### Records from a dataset

····················

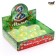 Anthistress machine "Snake inside"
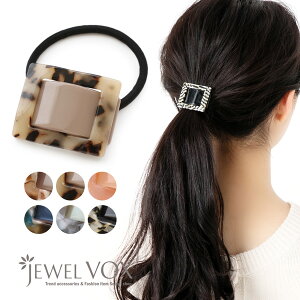 y11/15E1620%OFFN[|+P10{z y[֑z wAS lۂ wAANZT[ fB[X XNGA AZ` ׂ ׂb  Xg[ }[u ܂Ƃߔ |j[e[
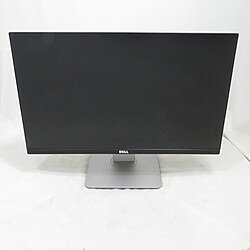 楽天市場】dell u2417hの通販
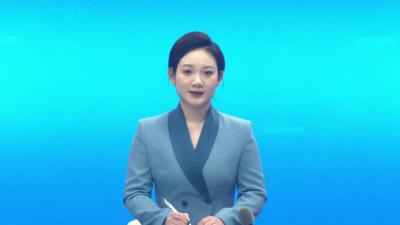 波比儿童用品：开足马力忙生产 全力冲刺“开门红”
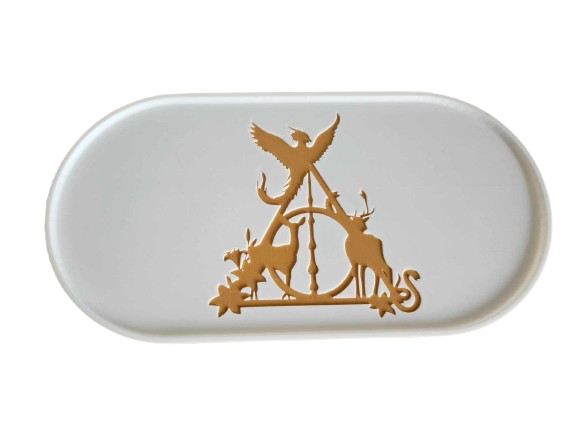 Vacía bolsillos RELIQUIA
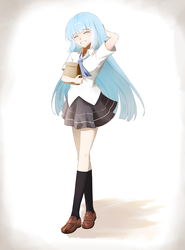 01e5a62e310049e8ba3bca0c27f824c1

····················

Transcribe every entry exactly. Leave out the pictures.

### Solution to this task
 Anthistress machine "Snake inside"
 y11/15E1620%OFFN[|+P10{z y[֑z wAS lۂ wAANZT[ fB[X XNGA AZ` ׂ ׂb  Xg[ }[u ܂Ƃߔ |j[e[
 楽天市場】dell u2417hの通販
 波比儿童用品：开足马力忙生产 全力冲刺“开门红”
 Vacía bolsillos RELIQUIA
 01e5a62e310049e8ba3bca0c27f824c1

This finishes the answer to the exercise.